The Jersey Boys


"It's pretty big value when you're thinking about the MLS and where it's positioned in the sporting landscape of the U.S.," said Eric Wright, vp of research and development at Joyce Julius, referring to the league's limited coverage in comparison to other pro sports.

MLS' broadcast partners are ESPN/ABC, Fox Soccer Channel and Fox Sports en Espanol, HD Net and Univision. Coverage also extends to, individual team sites, a YouTube channel, online coverage from its broadcast partners and mobile.

Wright added that MLS "does a good job with the jersey sponsorships. Those are very sizeable. And as simple as the notion is, we are always kind of astounded when groups move forward with an offering like that for their sponsor and they don't allow them to have a large enough logo that can easily be seen on TV."

Size, it seems, no longer matters. "What we do a very good job of is taking these players and developing them into personalities. So, you're not seeing a soccer shot from that wide of an angle anymore," said Mike Petruzzi, vp of national advertising sales at Fox Soccer Channel. "I think that lends a tremendous amount of value to the front of the jersey sponsorship."

To measure its ROI, juice maker XanGo -- the first advertiser to sign on for the jersey sponsorship program in 2006, with Real Salt Lake -- employed marketing consultancy Amplify Sports and Entertainment, which uses proprietary measurement tools intended to align a client's business and its sponsorship objectives. "For XanGo, we were extremely successful," said Michael Neuman, president of Amplify.

The firm's analysis found a 3.9-to-1 ROI, correlating to XanGo's business objectives and their assigned financial values based on aspects of the sponsorship. According to Amplify, one of the brand's biggest performers was a charitable program called The World's Largest Soccer Jersey. The effort involved the collection of Real Salt Lake fan autographs, with XanGo donating $10 per 2,000 signatures, and ran from August 2007 through the end of the MLS regular season in late October. Due to TV exposure gained from the giant jersey's placement in the team's Rice-Eccles stadium, the program ranked among the top four elements in the advertiser's media mix. According to Keith Wan, senior account director at Amplify, the value equaled 16 percent of all of XanGo's media exposure.

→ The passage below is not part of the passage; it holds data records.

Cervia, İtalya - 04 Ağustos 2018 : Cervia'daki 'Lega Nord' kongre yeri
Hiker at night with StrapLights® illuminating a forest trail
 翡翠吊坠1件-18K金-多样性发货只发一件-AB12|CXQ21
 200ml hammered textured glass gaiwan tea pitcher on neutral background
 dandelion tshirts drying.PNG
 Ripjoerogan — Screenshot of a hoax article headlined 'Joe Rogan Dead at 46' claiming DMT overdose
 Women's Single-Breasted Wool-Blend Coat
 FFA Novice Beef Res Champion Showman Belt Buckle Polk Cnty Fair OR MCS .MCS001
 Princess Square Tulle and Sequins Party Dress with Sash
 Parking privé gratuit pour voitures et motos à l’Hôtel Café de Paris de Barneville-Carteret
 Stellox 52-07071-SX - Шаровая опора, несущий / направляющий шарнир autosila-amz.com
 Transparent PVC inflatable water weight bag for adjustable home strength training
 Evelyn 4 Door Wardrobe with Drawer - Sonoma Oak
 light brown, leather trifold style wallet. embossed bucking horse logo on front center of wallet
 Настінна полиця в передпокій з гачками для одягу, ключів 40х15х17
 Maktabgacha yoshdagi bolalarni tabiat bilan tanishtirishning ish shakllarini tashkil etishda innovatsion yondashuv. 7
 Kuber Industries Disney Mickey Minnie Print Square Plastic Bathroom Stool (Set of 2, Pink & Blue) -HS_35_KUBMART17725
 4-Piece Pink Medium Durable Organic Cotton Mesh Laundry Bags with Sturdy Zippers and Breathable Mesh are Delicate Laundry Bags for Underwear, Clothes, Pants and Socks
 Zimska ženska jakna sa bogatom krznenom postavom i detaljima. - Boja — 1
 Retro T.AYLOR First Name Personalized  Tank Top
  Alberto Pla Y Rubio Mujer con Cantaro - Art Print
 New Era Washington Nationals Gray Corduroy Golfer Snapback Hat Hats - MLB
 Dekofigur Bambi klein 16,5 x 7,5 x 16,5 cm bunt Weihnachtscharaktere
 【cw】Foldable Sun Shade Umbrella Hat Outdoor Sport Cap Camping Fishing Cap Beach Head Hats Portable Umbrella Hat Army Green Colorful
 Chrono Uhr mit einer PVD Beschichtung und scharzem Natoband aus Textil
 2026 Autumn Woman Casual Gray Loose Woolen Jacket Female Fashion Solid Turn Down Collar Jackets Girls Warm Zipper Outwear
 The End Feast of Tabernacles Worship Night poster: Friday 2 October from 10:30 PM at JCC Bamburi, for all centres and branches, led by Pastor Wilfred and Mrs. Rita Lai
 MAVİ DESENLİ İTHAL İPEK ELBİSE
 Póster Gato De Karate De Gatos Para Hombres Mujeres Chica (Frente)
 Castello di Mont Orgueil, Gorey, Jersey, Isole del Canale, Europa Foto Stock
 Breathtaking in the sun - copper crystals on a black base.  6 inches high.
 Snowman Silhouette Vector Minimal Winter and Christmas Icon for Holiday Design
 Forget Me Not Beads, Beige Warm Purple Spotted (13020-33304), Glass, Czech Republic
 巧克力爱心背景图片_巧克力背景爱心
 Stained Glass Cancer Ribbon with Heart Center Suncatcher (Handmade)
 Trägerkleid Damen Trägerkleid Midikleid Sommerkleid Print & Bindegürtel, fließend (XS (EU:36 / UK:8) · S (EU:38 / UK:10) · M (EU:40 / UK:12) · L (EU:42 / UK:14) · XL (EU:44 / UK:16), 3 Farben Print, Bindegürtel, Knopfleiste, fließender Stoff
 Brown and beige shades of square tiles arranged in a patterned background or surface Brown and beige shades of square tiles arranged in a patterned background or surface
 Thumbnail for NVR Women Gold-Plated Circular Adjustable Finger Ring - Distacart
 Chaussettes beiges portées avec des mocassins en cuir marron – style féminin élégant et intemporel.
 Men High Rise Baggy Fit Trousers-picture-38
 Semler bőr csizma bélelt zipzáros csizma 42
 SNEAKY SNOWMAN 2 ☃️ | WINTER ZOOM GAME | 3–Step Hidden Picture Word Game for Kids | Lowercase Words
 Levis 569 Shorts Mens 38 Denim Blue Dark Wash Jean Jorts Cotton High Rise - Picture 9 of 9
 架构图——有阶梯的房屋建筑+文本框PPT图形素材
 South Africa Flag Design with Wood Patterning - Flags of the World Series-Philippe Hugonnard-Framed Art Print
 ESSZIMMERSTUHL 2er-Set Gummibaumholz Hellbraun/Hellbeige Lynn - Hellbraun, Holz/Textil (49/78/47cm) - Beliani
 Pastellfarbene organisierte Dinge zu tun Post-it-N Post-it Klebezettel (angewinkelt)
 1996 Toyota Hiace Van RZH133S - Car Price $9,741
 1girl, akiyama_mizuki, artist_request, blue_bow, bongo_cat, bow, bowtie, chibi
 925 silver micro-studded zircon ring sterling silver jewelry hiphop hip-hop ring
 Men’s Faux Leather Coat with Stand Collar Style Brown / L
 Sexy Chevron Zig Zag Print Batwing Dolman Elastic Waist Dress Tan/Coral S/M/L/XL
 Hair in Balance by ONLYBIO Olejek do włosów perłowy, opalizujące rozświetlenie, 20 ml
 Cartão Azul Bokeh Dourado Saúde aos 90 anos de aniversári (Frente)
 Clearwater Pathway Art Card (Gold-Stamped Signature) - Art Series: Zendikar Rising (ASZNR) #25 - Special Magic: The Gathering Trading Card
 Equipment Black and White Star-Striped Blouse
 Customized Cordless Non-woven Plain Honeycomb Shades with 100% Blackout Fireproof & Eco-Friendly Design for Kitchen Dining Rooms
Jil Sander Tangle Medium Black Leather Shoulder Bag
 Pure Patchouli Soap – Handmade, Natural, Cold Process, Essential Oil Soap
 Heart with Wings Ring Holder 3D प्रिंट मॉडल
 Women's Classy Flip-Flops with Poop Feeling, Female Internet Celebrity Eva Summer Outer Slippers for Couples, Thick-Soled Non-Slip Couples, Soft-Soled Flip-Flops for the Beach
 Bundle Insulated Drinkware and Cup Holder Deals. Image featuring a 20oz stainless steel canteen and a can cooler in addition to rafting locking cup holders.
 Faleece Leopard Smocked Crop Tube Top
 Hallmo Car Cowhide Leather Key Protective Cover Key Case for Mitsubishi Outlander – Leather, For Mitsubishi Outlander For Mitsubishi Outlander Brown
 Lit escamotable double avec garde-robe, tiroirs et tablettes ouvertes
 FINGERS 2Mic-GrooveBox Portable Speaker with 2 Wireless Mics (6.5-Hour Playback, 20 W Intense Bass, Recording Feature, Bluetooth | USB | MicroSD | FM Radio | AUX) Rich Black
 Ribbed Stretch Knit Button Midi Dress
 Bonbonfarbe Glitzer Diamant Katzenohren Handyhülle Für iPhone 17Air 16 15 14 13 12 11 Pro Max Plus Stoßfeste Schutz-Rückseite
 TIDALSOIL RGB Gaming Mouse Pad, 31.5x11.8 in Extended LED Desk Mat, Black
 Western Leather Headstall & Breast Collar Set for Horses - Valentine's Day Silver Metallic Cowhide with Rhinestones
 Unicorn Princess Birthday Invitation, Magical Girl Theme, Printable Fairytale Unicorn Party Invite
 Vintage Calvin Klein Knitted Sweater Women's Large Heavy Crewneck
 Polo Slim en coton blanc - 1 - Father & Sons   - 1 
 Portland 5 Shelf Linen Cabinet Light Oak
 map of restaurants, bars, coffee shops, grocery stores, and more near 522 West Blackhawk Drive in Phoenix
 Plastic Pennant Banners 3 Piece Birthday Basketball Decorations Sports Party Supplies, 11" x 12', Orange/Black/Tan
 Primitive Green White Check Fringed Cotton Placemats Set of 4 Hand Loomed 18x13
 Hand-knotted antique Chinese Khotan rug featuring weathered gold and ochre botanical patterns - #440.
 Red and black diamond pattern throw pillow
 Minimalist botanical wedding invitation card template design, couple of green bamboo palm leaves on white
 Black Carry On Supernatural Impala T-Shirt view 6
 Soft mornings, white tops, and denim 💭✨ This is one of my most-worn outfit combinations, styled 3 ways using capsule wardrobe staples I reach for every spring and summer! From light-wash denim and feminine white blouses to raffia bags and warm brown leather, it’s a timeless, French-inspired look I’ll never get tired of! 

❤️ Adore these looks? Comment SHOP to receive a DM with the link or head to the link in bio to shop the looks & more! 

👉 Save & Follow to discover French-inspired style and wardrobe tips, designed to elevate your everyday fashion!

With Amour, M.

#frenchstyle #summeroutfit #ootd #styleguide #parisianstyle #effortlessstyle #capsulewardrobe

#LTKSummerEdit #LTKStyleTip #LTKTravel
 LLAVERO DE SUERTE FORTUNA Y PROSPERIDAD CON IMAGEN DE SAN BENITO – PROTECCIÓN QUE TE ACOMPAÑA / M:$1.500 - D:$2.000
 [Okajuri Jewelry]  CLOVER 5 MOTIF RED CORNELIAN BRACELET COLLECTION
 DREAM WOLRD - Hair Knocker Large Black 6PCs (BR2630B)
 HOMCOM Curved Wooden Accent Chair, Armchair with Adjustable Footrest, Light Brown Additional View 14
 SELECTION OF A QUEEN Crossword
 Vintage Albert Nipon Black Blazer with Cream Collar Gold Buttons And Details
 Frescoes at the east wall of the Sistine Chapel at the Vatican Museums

But, the value of the exposure extends beyond impressions. For BMO Financial Group in Toronto, Canada, the four-year jersey sponsorship and 10-year stadium naming rights deal it cut in 2007 seeks to capitalize on the nation's growing soccer fan base. BMO was motivated by the groundswell of support it saw for the World Cup and European football championships. "This told us that when Toronto FC was being established ... the numbers were going to support us. We knew the general public was really going to grab hold of it," said Sandy Bourne, vp of advertising and corporate sponsorship and events for BMO.